Items from a data source:
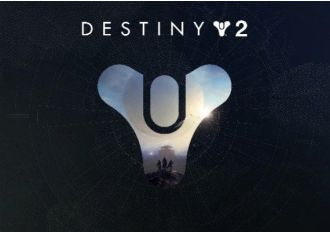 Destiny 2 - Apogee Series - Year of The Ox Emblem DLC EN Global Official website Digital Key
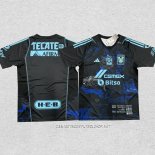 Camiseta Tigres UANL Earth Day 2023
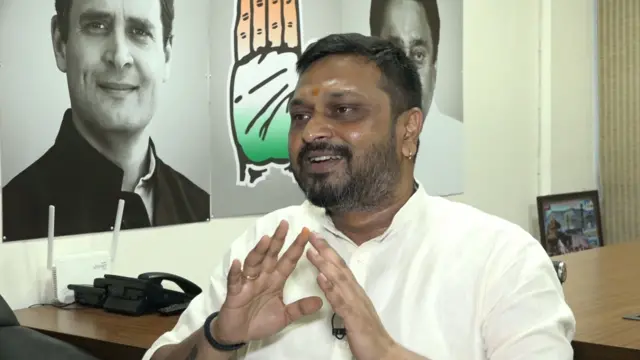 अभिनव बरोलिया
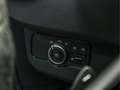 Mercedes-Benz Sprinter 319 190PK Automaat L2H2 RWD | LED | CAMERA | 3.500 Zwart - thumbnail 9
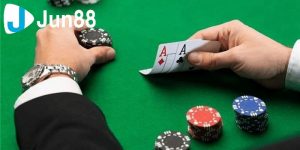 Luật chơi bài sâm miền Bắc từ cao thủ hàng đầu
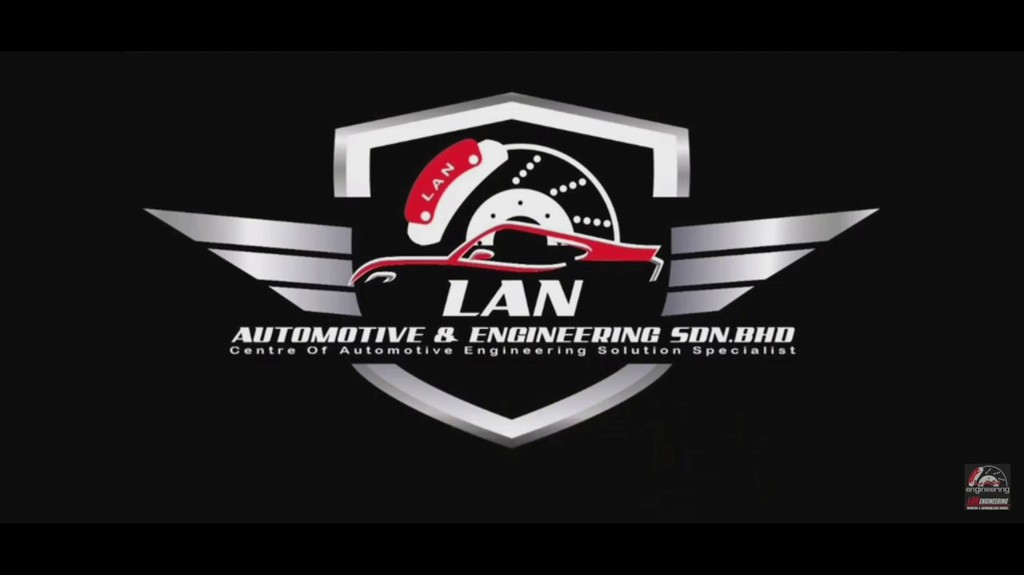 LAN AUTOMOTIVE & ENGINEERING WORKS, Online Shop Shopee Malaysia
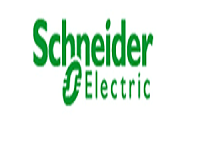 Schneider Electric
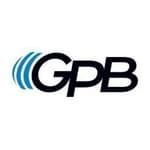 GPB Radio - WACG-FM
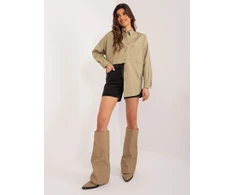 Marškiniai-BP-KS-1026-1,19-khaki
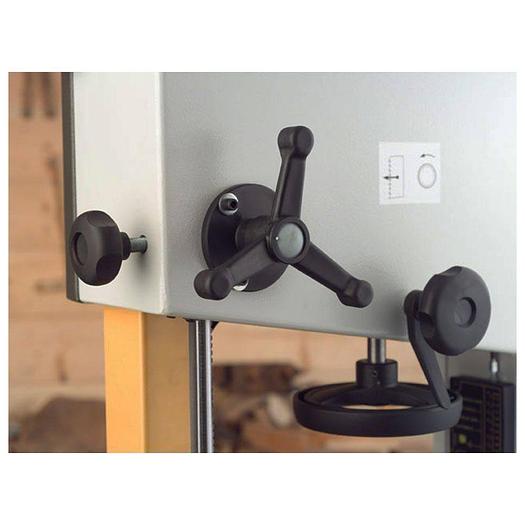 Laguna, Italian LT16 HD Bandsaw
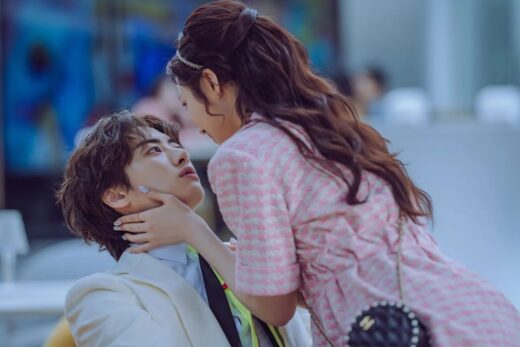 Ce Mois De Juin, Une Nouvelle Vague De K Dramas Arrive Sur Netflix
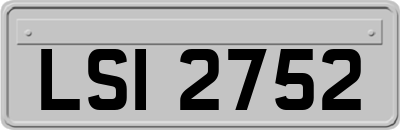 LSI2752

§ **What the task asks**
Reproduce exactly the lines above from the one with "अभिनव बरोलिया" through the last line of the data, keeping both ends and dropping the pictures.

§ **Written response**
 अभिनव बरोलिया
 Mercedes-Benz Sprinter 319 190PK Automaat L2H2 RWD | LED | CAMERA | 3.500 Zwart - thumbnail 9
 Luật chơi bài sâm miền Bắc từ cao thủ hàng đầu
 LAN AUTOMOTIVE & ENGINEERING WORKS, Online Shop Shopee Malaysia
 Schneider Electric
 GPB Radio - WACG-FM
 Marškiniai-BP-KS-1026-1,19-khaki
 Laguna, Italian LT16 HD Bandsaw
 Ce Mois De Juin, Une Nouvelle Vague De K Dramas Arrive Sur Netflix
 LSI2752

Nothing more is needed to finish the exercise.